Tuna is another important ingredient in Alicante that has made a big contribution to the culture, and for many centuries was a huge part of the economy. Before Benidorm became one of Europe’s largest holiday resorts, its fishermen were known throughout the Mediterranean as the best tuna fishers in the entire sea. There are various types of tuna fished near Alicante; the small bonito tuna is often dried whole and can still be seen in Alicante’s central market hanging up for sale, while larger tuna species are cut into pieces and salted and dried. Together these types of preserved fish are known as salazones and are an important part of the diet throughout the costal Levant and across the southern Mediterranean coast of Spain. In Alicante they are mostly eaten as a starter with fresh tomato, onion and extra virgin olive oil; indeed for many in the city, a salazón isn’t a salazón without them.
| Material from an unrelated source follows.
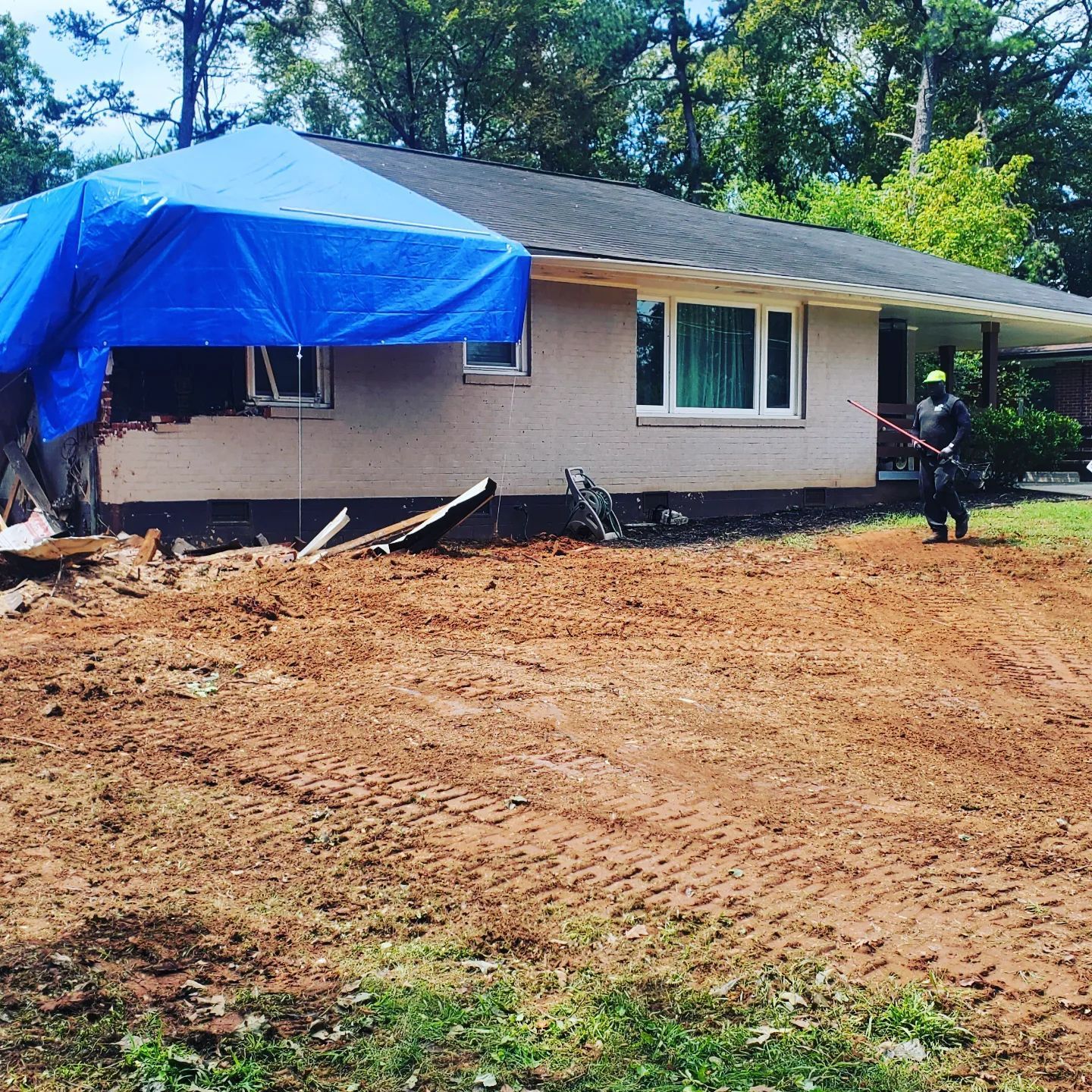 A house with a blue tarp on top of it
What Alicantinos take for granted is the high quality and variety of their fruit and vegetables. On a walk around the downstairs vegetable section of the central market, you’ll see stall after stall selling a mind-boggling variety of citrus fruits, other fruits, tomatoes of many different sizes and types, as well as seasonal vegetables shown without fuss. It’s a real demonstration of the fact that seasonality is a way of life here rather than a buzzword.
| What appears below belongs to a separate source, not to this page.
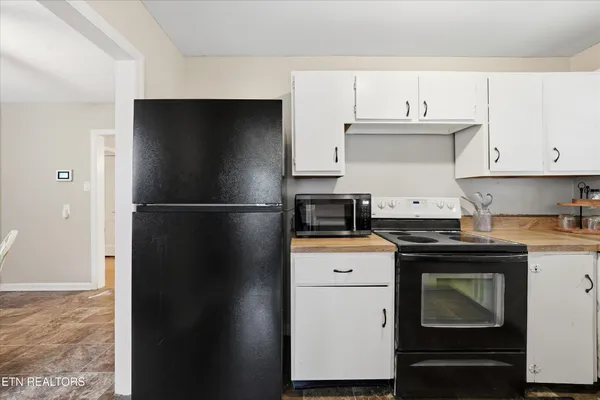 a kitchen with a refrigerator stove and white cabinets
A casual observer of Alicante’s central market, other food shops and well-regarded restaurant menus in the city would notice that while Alicantinos are proud of their own food heritage and traditions, they are also great lovers of the best of the rest of Spain. The Iberico ham and the cheeses of northern and central Spain, among other cheeses, take up space as obviously as the hyper-local produce, including fresh goats' cheese, queso blanquet or San Antonio goats' cheese (made exclusively from the Murciano-Granadino goats' milk) or the queso de servilleta, which can be made from sheep or goat milk. This shows Alicante to be a city focused on living and eating well, both with the best of their own and the best of the rest of Spain.

Where to eat in Alicante:

Baeza y Rufete: Alicante’s only Michelin-starred restaurant, Baeza y Rufete is located by a shopping centre on a quiet street in the city. Chef Joaquin Baeza uses single estate extra virgin olive oils, sea water and seaweed in his dishes, which showcase local seasonal produce. Baeza is best known for his ‘black egg’ dish which won him chef of the year in Spain and is a permanent fixture on the menu.
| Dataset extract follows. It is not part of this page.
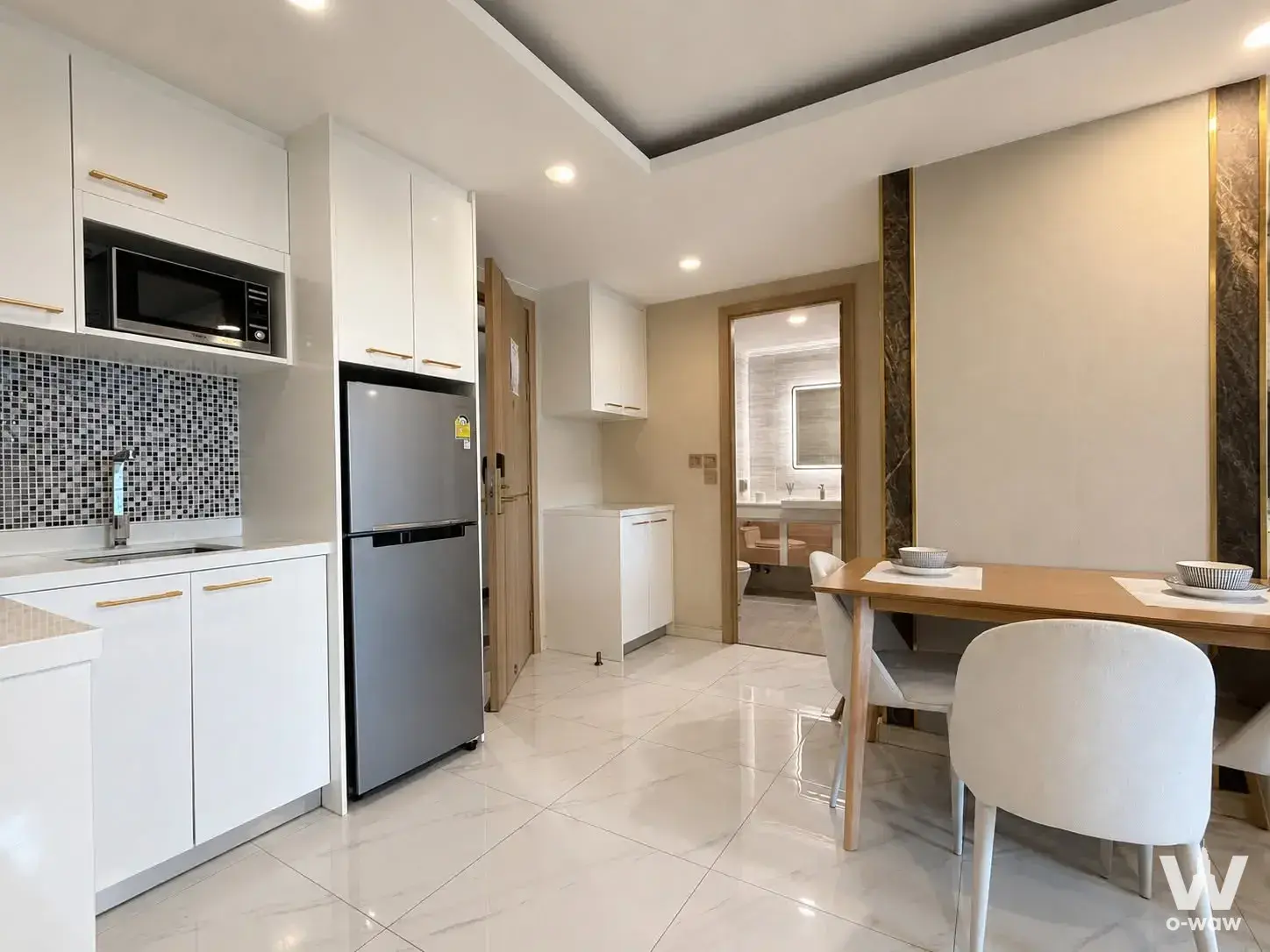 Modern open-plan kitchen and dining area with white marble floors, sleek cabinetry, and a wooden table set for two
Pocardy: A two-minute walk from Alicante’s famous San Juan beach and part of the family run Hotel Almirante, Pocardy is the place where Alicantinos in the know come for their Sunday rice. As befits the costal location, most of the rice dishes are made with seafood but meat lovers and vegetarians are also catered for.

Templo: Right in the heart of the old town, this temple to the art of aging different breeds and cuts of beef is run by a former garlic exporter, who fell in love with the idea of a dedicated meat restaurant while on a business trip to Montreal. While meat is the star of the show here, the traditional salazones of Alicante are also given a twist with unusual cuts salted then smoked to the general delight of locals.

La Bodega de Meyos: In the San Juan area, De Meyos serves freshly cooked local dishes accompanied by a wine list of over five-hundred wines, from the biggest names in Spain to tiny local wineries. The wines are all available to take away and it’s just €5 corkage to have them in the restaurant. There are also plenty of wines by the glass and you can ask to try something not listed.